X4_train, X4_test, y4_train, y4_test = train_test_split(X4, y4, test_size = .3, random_state=30)

In [39]:
from sklearn.ensemble import RandomForestRegressor

rfr = RandomForestRegressor(n_estimators=200)
rfr.fit(X4_train, y4_train)
print(rfr.score(X4_train, y4_train))
print(rfr.score(X4_test, y4_test))

0.8660278199645169
0.408682955945329


### Observations

This result really had no discernable difference from the first random forest regression

# Other Options

In Part 2 I tried several alterations of the data like log and polynomial transformations and those did not improve the predictive capabilities of my model at all. The biggest problem I continued to have besides low R-squared values was the high variance.
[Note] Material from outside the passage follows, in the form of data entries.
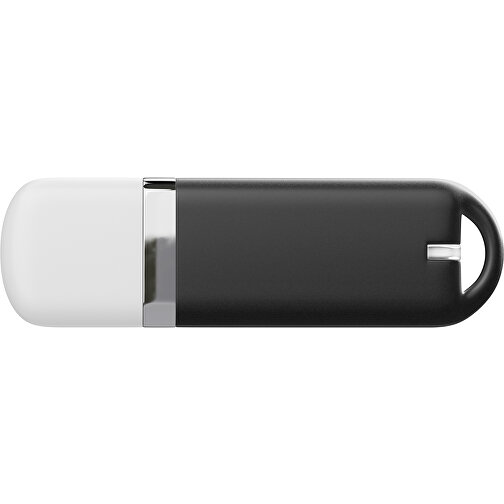 USB-Stick StylishDrive 2.0 , schwarz / weiß MB , 65 GB , Gummiplastik, Kunststoff MB , 6,20cm x 0,75cm x 2,00cm (Länge x Höhe x Breite), Bild 2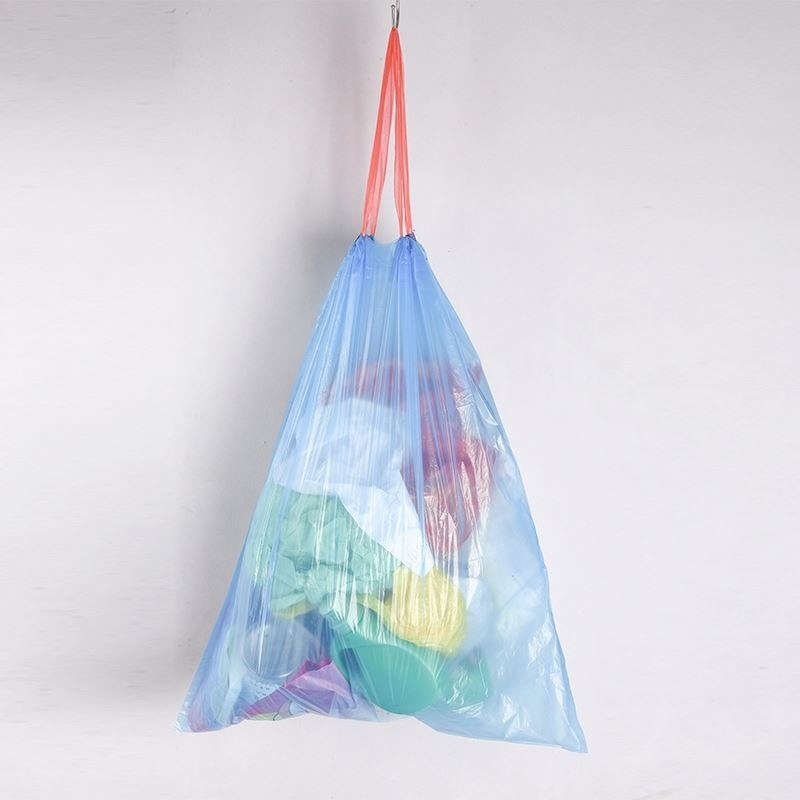 13 galones de cocina de costumbre de la cuerda de tira bolsas de basura de trabajo pesado de limpieza de la bolsa de basura PE de pie bolso de plástico verde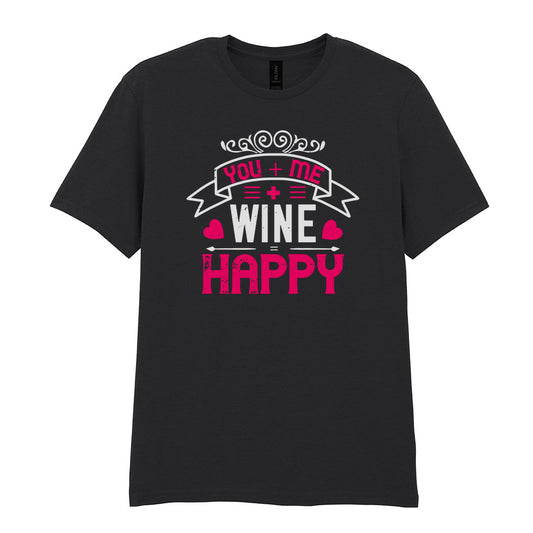 IPRINTOP You Me Wine Happy Graphic T-Shirt in Black - pink hearts and wine lettering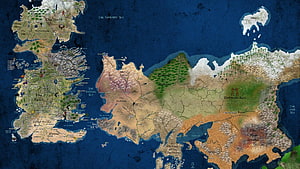 Westeros Fantasy World Map from Game of Thrones with Detailed Geography and Regions HD wallpaper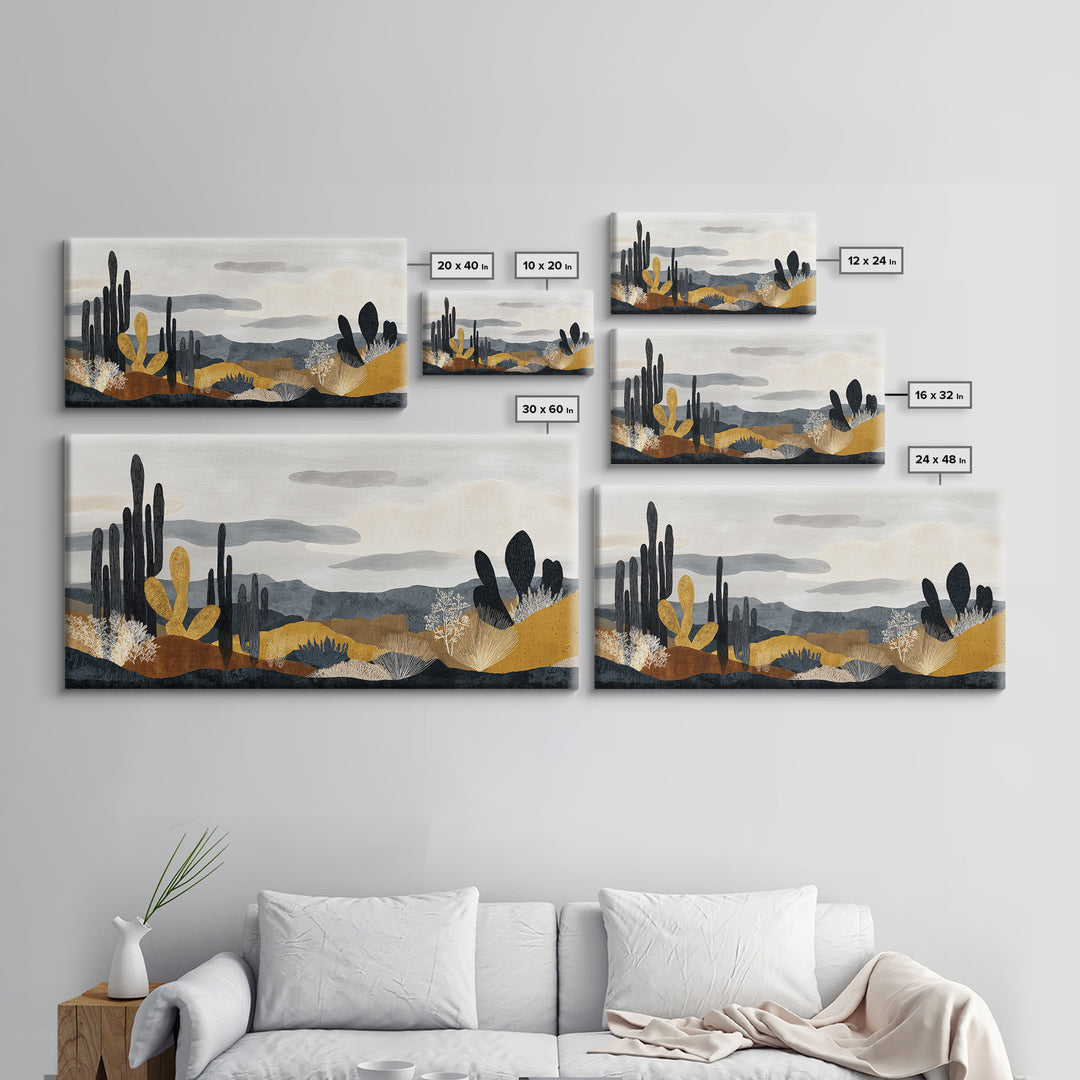 Black and White Cactus Silhouette Framed Canvas Print, Minimalist Art, Fine Art Print, Living Room Decor, Fine Art, Minimal, MIN-2x1-16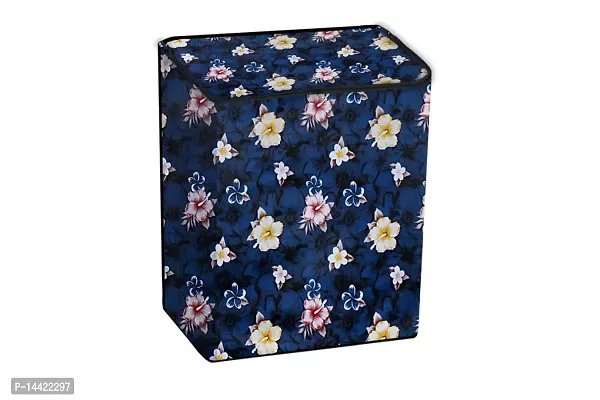 Stylista Washing Machine Cover Compatible for Godrej WS Edge 700 CT semi Automatic Floral Pattern Blue-thumb3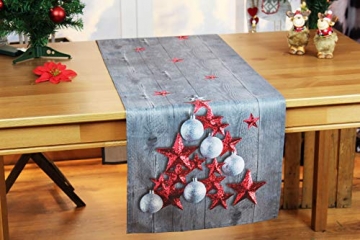Kamaca Tischläufer RED Stars hochwertiges Druck-Motiv mit weihnachtlichen Motiven mit Lotus Effekt FLECKSCHUTZ EIN Schmuckstück zu Winter Weihnachten (RED Stars, Tischläufer 40x140 cm) - 4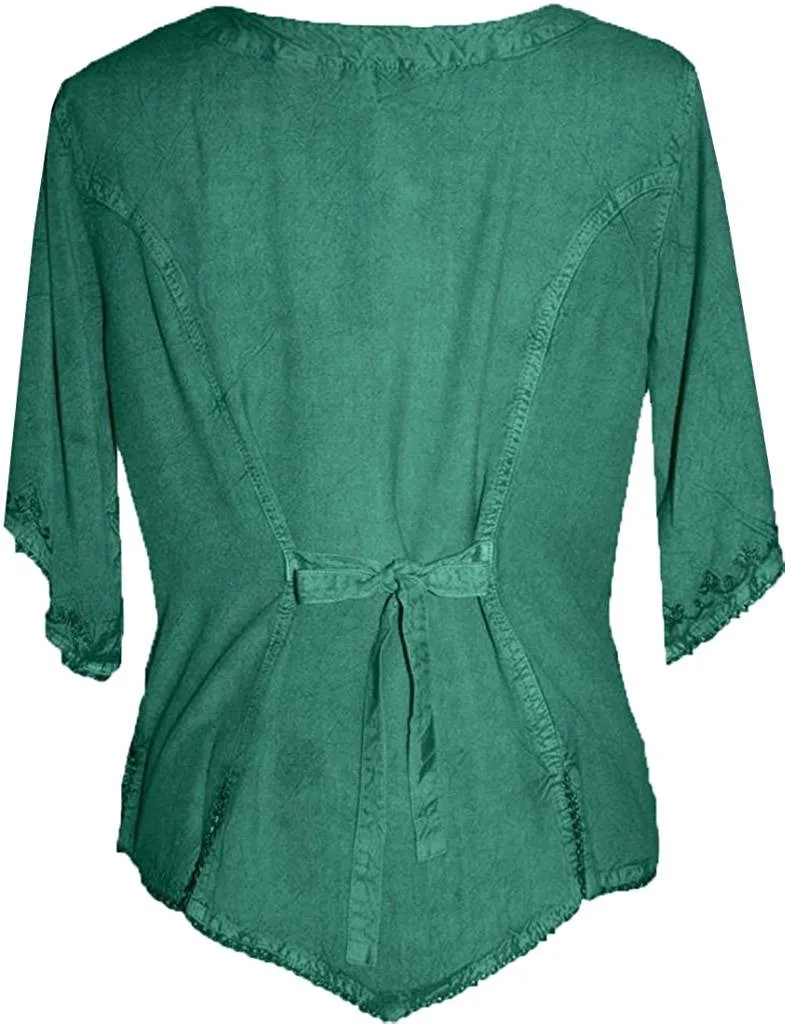 125 B Scooped Neck Medieval  Embroidered Blouse Top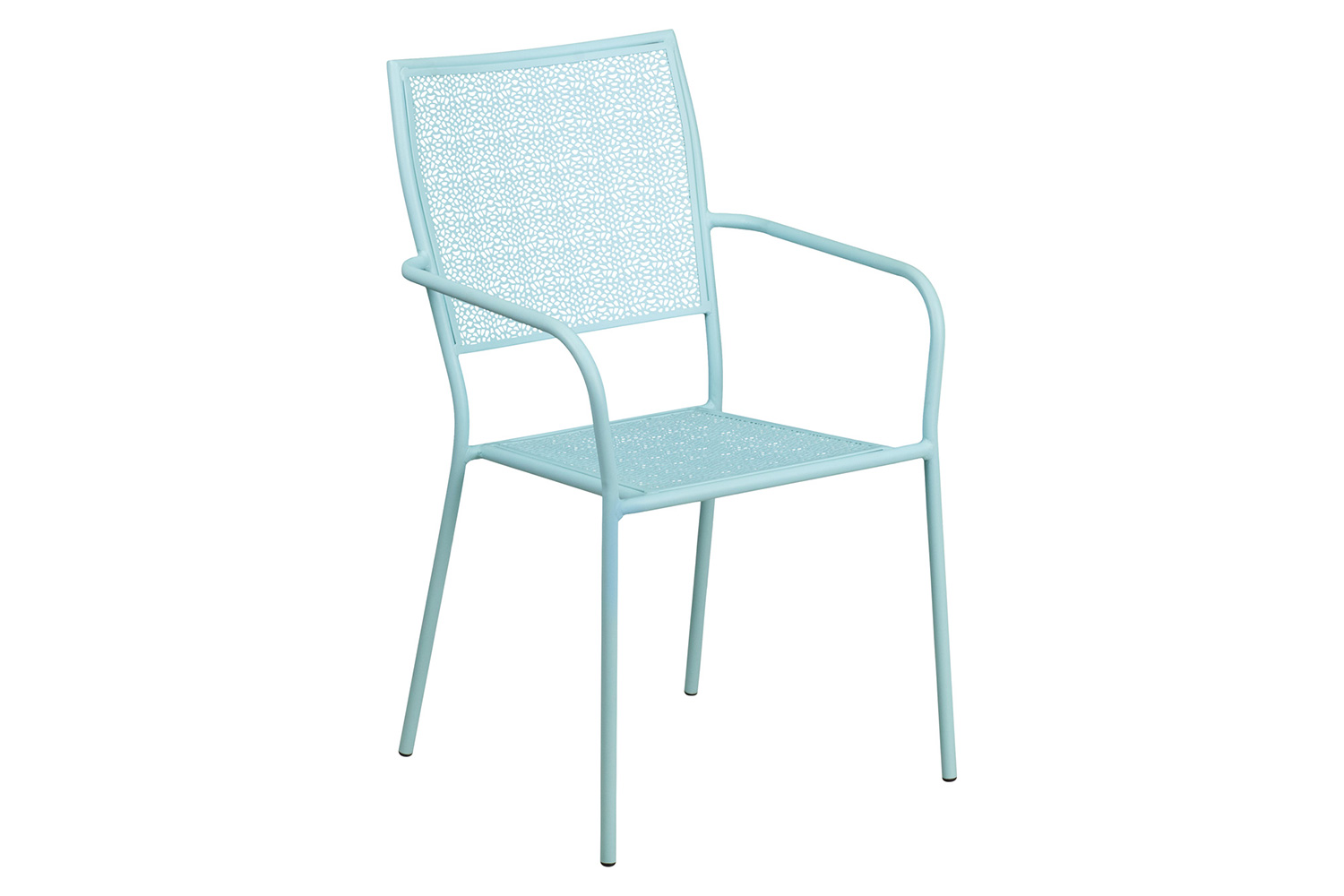 BLNK™ Oia Commercial Square Steel Indoor-Outdoor Patio Table Set with 2 Square Back Chairs - Sky Blue, 28"W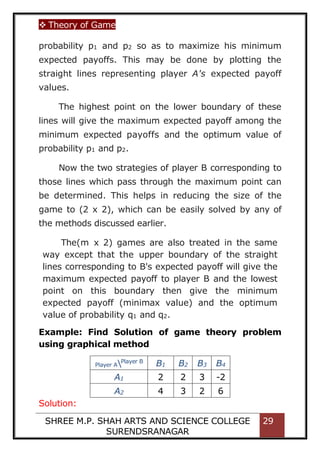  Theory of Game
SHREE M.P. SHAH ARTS AND SCIENCE COLLEGE
SURENDSRANAGAR
29
probability p1 and p2 so as to maximize his minimum
expected payoffs. This may be done by plotting the
straight lines representing player A's expected payoff
values.
The highest point on the lower boundary of these
lines will give the maximum expected payoff among the
minimum expected payoffs and the optimum value of
probability p1 and p2.
Now the two strategies of player B corresponding to
those lines which pass through the maximum point can
be determined. This helps in reducing the size of the
game to (2 x 2), which can be easily solved by any of
the methods discussed earlier.
The(m x 2) games are also treated in the same
way except that the upper boundary of the straight
lines corresponding to B's expected payoff will give the
maximum expected payoff to player B and the lowest
point on this boundary then give the minimum
expected payoff (minimax value) and the optimum
value of probability q1 and q2.
Example: Find Solution of game theory problem
using graphical method
Player APlayer B
B1 B2 B3 B4
A1 2 2 3 -2
A2 4 3 2 6
Solution:
 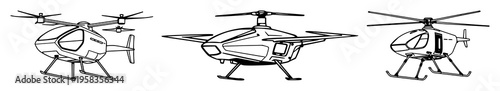 Minimalist line art of an electric vertical takeoff and landing (eVTOL) craft, urban air mobility, white background. set with simple line art design featuring outline, illustration, graphic element...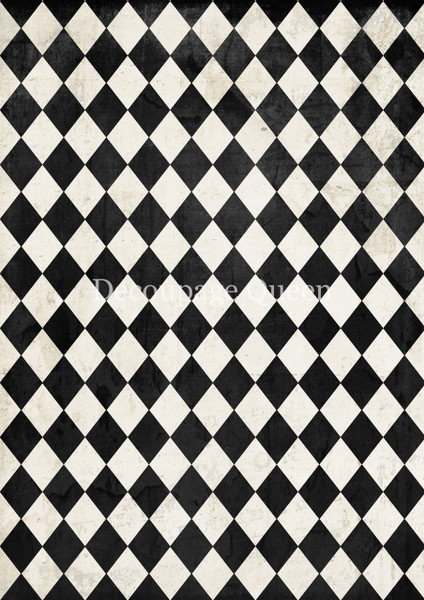 Large Format - Decoupage Queen Rice Paper - Black and Ivory Harlequin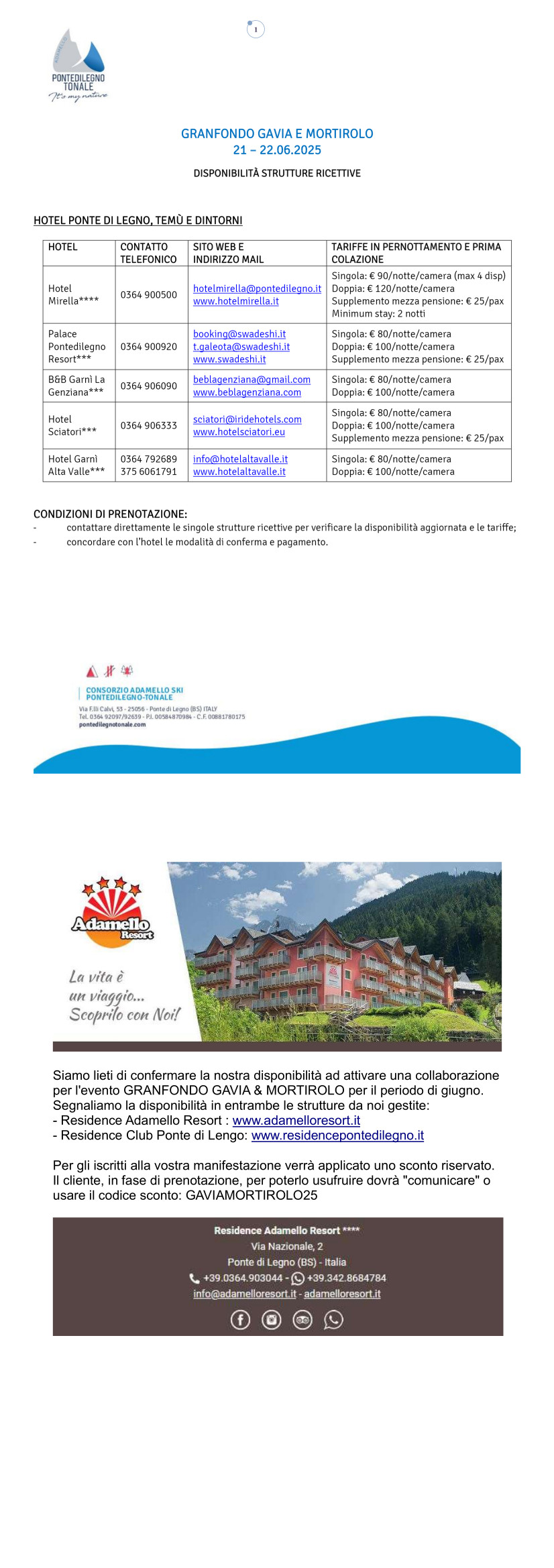 Granfondo Gavia e Mortirolo Convenzioni Hotel 2025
I tried to address the overfitting problem by using Ridge Regression and XGB Boost.

### Ridge Regression

In [40]:
X5 = new_brooklyn.drop('sale_price', axis='columns')
y5 = new_brooklyn.loc[:, 'sale_price']

In [41]:
from sklearn.linear_model import Ridge
from sklearn.preprocessing import StandardScaler

scaler = StandardScaler()
ridge = Ridge(alpha=100)
X5_scaled = scaler.fit_transform(X5)
ridge.fit(X5_scaled, y5)

  return self.partial_fit(X, y)
  return self.fit(X, **fit_params).transform(X)


Ridge(alpha=100, copy_X=True, fit_intercept=True, max_iter=None,
   normalize=False, random_state=None, solver='auto', tol=0.001)

In [42]:
ridge.score(X5_scaled, y5)

0.2723957427753054

### Observations

I will admit I am not 100% sure I used ridge regression correctly. The code seemed semi-confusing. In the case that I did use it correctly, a score of .27 is better than any test score in the standard linear regression models I ran.

### XGB Boost

In [43]:
X6 = new_brooklyn.drop('sale_price', axis='columns')
y6 = new_brooklyn.loc[:, 'sale_price']

In [44]:
import xgboost as xgb
xgb_reg = xgb.XGBRegressor()

In [45]:
from sklearn.model_selection import train_test_split

X6_train, X6_test, y6_train, y6_test = train_test_split(X6, y6, random_state=30)

In [46]:
xgb_reg.fit(X6_train, y6_train)

  if getattr(data, 'base', None) is not None and \


XGBRegressor(base_score=0.5, booster='gbtree', colsample_bylevel=1,
       colsample_bytree=1, gamma=0, importance_type='gain',
       learning_rate=0.1, max_delta_step=0, max_depth=3,
       min_child_weight=1, missing=None, n_estimators=100, n_jobs=1,
       nthread=None, objective='reg:linear', random_state=0, reg_alpha=0,
       reg_lambda=1, scale_pos_weight=1, seed=None, silent=True,
       subsample=1)

In [47]:
print(xgb_reg.score(X6_train, y6_train))
print(xgb_reg.score(X6_test, y6_test))

0.815403235116115
0.33989316192020724


### Observations

The XGB Boost model looked like it suffered the same fate as the random forest regressor model. Both had high R-squared values on the training set, but the R-squared values on the test sets were so much smaller that it's not worth touting the models.

# Final Thoughts

After many different variations, my modeling of the sale price of Brooklyn properties did not end up being very predictive, and also suffered from overfitting and high variance. If I had another week, I would try to learn how to rank feature variables. I know we covered it, but I don't know it well enough to use it. Although the random forest models had higher R-squared values than the linear regression models, I still feel more comfortable claiming the linear regression models are more predictive because there was much less variance in those.